What’s happening with Lake Hiawatha?


At its meeting July 25, the Park Board finally responded to a question from its Lake Hiawatha Community Advisory Committee. The CAC asked whether future plans for Hiawatha could include an 18-hole golf course. The Board answered: “The Board of Commissioners intends for the CAC to bring forward a solution resulting from the master planning process that includes, at a minimum, a flood-resilient and ecologically-driven nine-hole configuration for a golf course on the property.”

So, the Board didn’t say no to 18 holes but said nine holes at a minimum.

But they also said, “The master planning process shall pursue a reduced pumping scenario.”

So, the struggle goes on.

No one is quite sure how much they want to reduce pumping. How much of the golf course and surrounding homes do they want to flood? The DNR would probably give them a generous allowance on the amount they have to pump, but some on the Park Board and staff seem driven by a vision of Lake Hiawatha as some ancient swamp. They want it to return to a natural state.

Never mind that there’s a storm tunnel that dumps tons of sand from city streets from Lake Street to 43rd Street, from Chicago Avenue to 28th Avenue every year into Lake Hiawatha, and that has changed the maximum depth of Lake Hiawatha from 33 feet in 1929 to 14 feet today. That’s not natural.

Never mind that there’s a 10-foot dam at the outlet to Minnehaha Creek.

State Representative Jean Wagenius said to the Board: “Historically, water flowed freely out of Hiawatha on its way to the Mississippi. But now we have built structures that impede the flow. While very localized studies have been done related to pumping, the larger question of the impacts of creek levels on Hiawatha and its ground water have not been answered.”

The Park Board continues to refuse to recognize the artificial, man-made barriers that are raising the water level of Lake Hiawatha and are causing the flooding.

Hennepin County Commissioner Peter McLaughlin also spoke to the Board. After the meeting, he said: “This vote is a travesty. They’ve created this phony pumping variable to force the solution they want: destruction of any 18-hole option. The budget doesn’t work and they destroy the historic course for African Americans in a callous disregard for history and community.”

The Community Advisory Committee seems very sensitive to the concerns of people in the neighborhoods, and they are articulating those concerns in a strong and correct manner. But if their efforts to preserve our vital resources fail, then people in South Minneapolis must seek remedy in the courts.

The Barr Engineering Study of Minnehaha Creek cites two points other than the dam at 27th Avenue that control the water level flowing out of Lake Hiawatha: “The existing control of water levels in Lake Hiawatha is either the high point in the channel upstream of 28th Avenue South or the rock weir under the pedestrian bridge at 30th Avenue South. The high point at 28th Avenue South appears to be caused by a gas main crossing the creek. The weir at 30th Avenue South appears to be manmade and its function is unknown. Both high point elevations are approximately 810.7 feet above sea level.”
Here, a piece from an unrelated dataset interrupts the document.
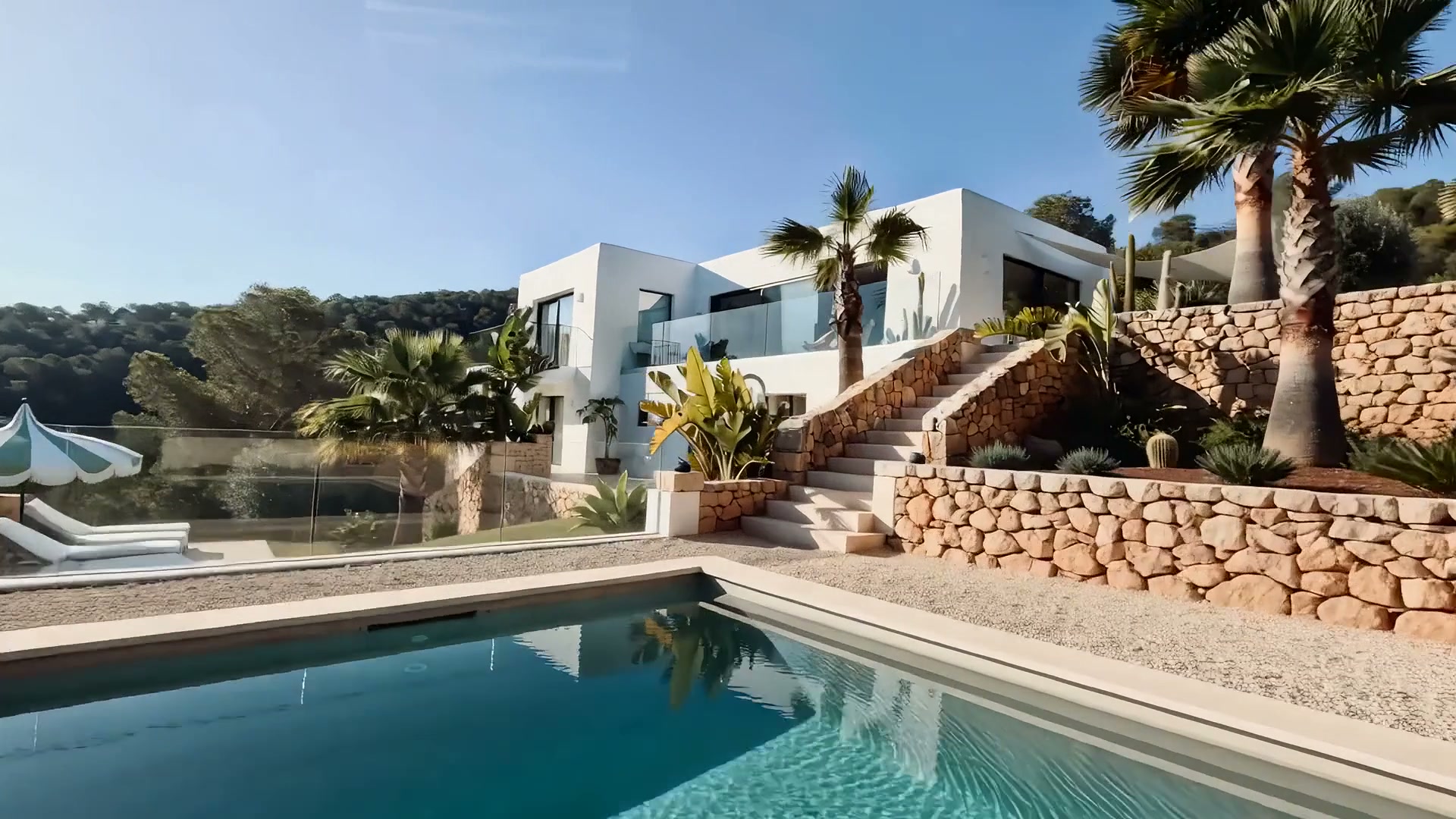 Blue Hill House, Ibiza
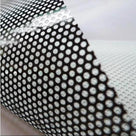One Way Vision Privacy Film for Solvent Ink Printers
I contacted CenterPoint Energy about their pipeline, and Rebecca Virden, the manager for public relations, told me: “A crewman went out early this morning. If you want, I can meet you out there this afternoon around 2:30 p.m. We had an employee in waders check this out this morning and he said the pipe is 6 inches to 8 inches below the creek bed and approximately 30 inches below the water surface. The abandoned main pipeline is adjacent to the bridge. Per our staff, there is a duct constructed over the top of the area where our pipe is buried. Ownership of the duct is unknown. The duct could be the primary reason for blocking the creek.”

I met Ms. Virden at the bridge and took a photo of the CenterPoint markings.

If the Park Board reduces pumping without solving the problem of the high water table, then parts of South Minneapolis will be underwater. It seems irresponsible of the Park Board to destroy homes and the only golf course in South Minneapolis without first trying to remove these obstructions.

If the Park Board or the City of Minneapolis will not remove the boulder dam that is under the 30th Avenue footbridge, then people from South Minneapolis should get a Writ of Mandamus from District Court ordering the Park Board to do its job and protect the general welfare of the citizens of South Minneapolis.

If it can be shown that the CenterPoint unused pipeline is obstructing the flow of water out of Lake Hiawatha, then the people of South Minneapolis should get a Writ of Mandamus from District Court ordering CenterPoint to remove the barrier.

If the 27th Avenue dam/weir is artificially raising the water level of Lake Hiawatha, then the Park Board and the City of Minneapolis should contact the U.S. Army Corps of Engineers who built the bridge in 1964 and ask them to take it down.

Our elected officials take an oath of office that swears them to protect the public welfare. Flooding South Minneapolis doesn’t seem to be protecting the public welfare.

PHOTO CAPTION: Representative Jean Wagenius urged the Park Board to not make a decision about stopping pumping until they have all the information.